What's even more impressive about this latest phase of the rally is that it's occurring at the same time the U.S. dollar is appreciating against most European currencies in 2010. Gold and the dollar can run together; the pair also rallied in unison in 2004. But this year, gold and the dollar are deemed to be safe-havens amid a currency and debt crisis in Europe.



Gold is in a secular long-term bull market. Those investors that fail to recognize or appreciate the primary trend also fail to understand gold's role in a post-credit crisis environment of escalating government deficits, central bank debt monetization and the adverse long-term implications of these policies on paper money's purchasing power.

Nowhere is Joe Public's psychological perspective more apparent than on CNBC. I rarely watch this network because it represents Mainstream America and almost serves no purpose for investors – the programs exudes hype and, for the most part, offers no concrete long-term building blocks to global asset allocation or how to protect investor capital. Gosh, in the midst of the credit crisis and stock market crash in late 2008 these guys were consistently plugging stocks!

After I returned from work yesterday I spent fifteen minutes listening to some supposedly savvy hedge fund guy explaining why gold is in a bubble and how it serves no purpose as an investment. Obviously, this gent has missed the bull market. He also misses the point.

The European Central Bank's (ECB) admission on Monday to bailout weaker peripheral countries at all costs in order to preserve the EUR adds another lid on the coffin as it pertains to government money printing.

Most people on the street – and the majority of individual investors for that matter – still don't understand what's happening to their paper money vis-à-vis gold and the future implications of rapid debt monetization and the high inflation these policies are likely to bring over the next several years once central banks finally defeat deflation.

But as gold continues to break important resistance levels this week and marches higher, the odds favour a significant correction as central banks in the West look to temper the rally.

The IMF, or International Monetary Fund, a conduit of U.S. foreign economic policy, isn't finding any buyers for its remaining 191.3 tons it wants to sell – equal to about 5% of annual global demand. So although this suggests that central banks aren't looking to build gold reserves at $1,240 an ounce for now, I think that will change ahead of the next currency crisis – probably in Europe or the United States.

China, of course, is the one to watch.
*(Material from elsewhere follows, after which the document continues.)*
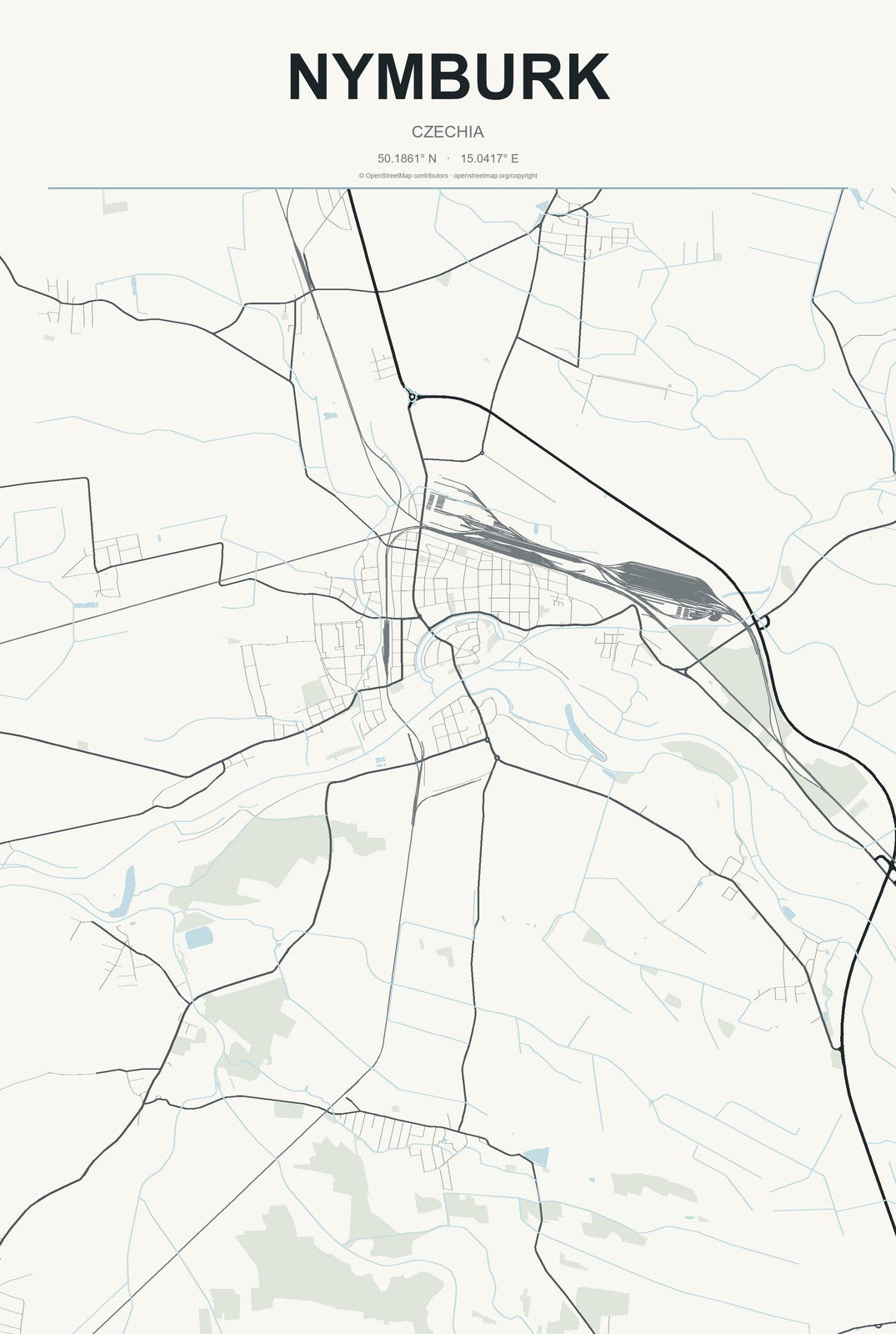 Nymburk, Czechia City Map Aluminum Sign in Headline Atlas style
The government last May revised sharply higher its official gold reserves, shocking many investors. China, however, doesn't have to necessarily go to the IMF to buy gold. Instead, it can purchase what it needs directly from domestic producers; China became the single largest gold producing nation in 2008. Truth is we really don't know how much gold China holds. Yet it would seem logical and prudent that China is on a long-term gold accumulation plan to supplement its hoard of decaying U.S. dollars and now, EUR.

Beijing is the sixth largest bullion holder in the world at 1,054 tons — if you believe that number.
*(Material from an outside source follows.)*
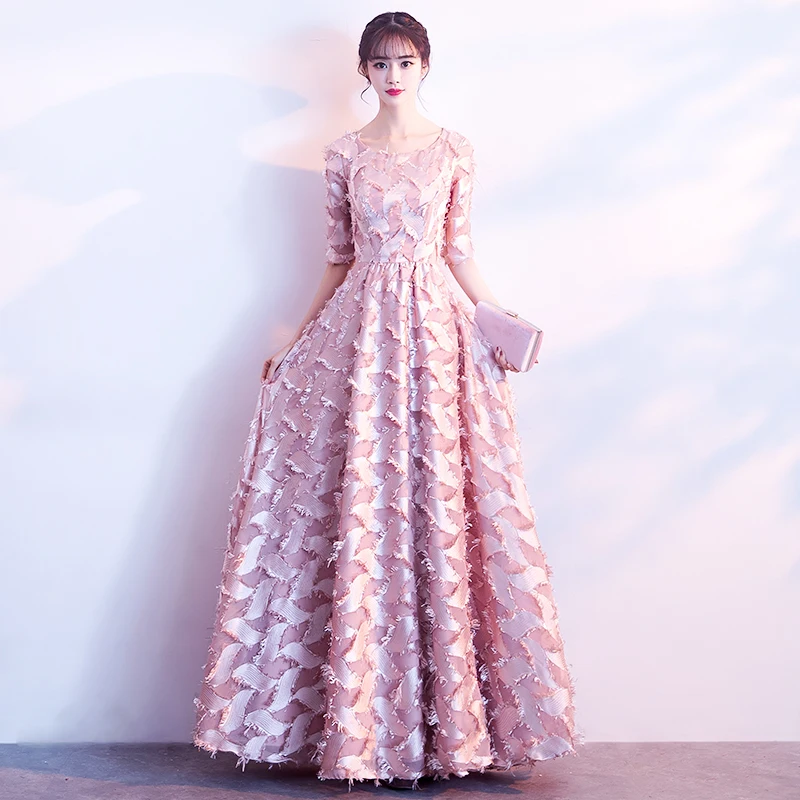 2021 Pink Long Evening Dresses Elegant O-Neck Half Sleeve Lace Party Long Prom Dresses LF326
2021 Pink Long Evening Dresses Elegant O-Neck Half Sleeve Lace Party Long Prom Dresses LF326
The World Gold Council recently reported that net gold sales by central banks are now at their lowest levels in 20 years. Selling by European central banks slowed to a crawl following the renewal last September of the Central Bank Gold Agreement, which regulates the sales. Only two tons have been sold since September 2009.

Whereas central banks dumped bullion en masse in the 1990s, many are now either holding on to their bullion stash or, in many cases, as it pertains to the emerging markets, accumulating gold. India was the largest central bank buyer in 2009 following a late October purchase of 200 tons from the IMF at roughly $1,050 an ounce. Sri Lanka and Mauritius quickly did the same but at far lower numbers.

The IMF doesn't have to sell gold. The United States is its largest shareholder and can simply transfer the money it needs for bailouts electronically. But it would seem like an opportune moment for the IMF to sell gold now in order to depress this rally, which compromises paper money and its legitimacy.

Use any short-term pullback as another opportunity to buy gold. This will probably mark the last time investors will get a chance to buy bullion before the final phase of this bull market takes prices to at least the 1980 inflation-adjusted high of $2,309 an ounce.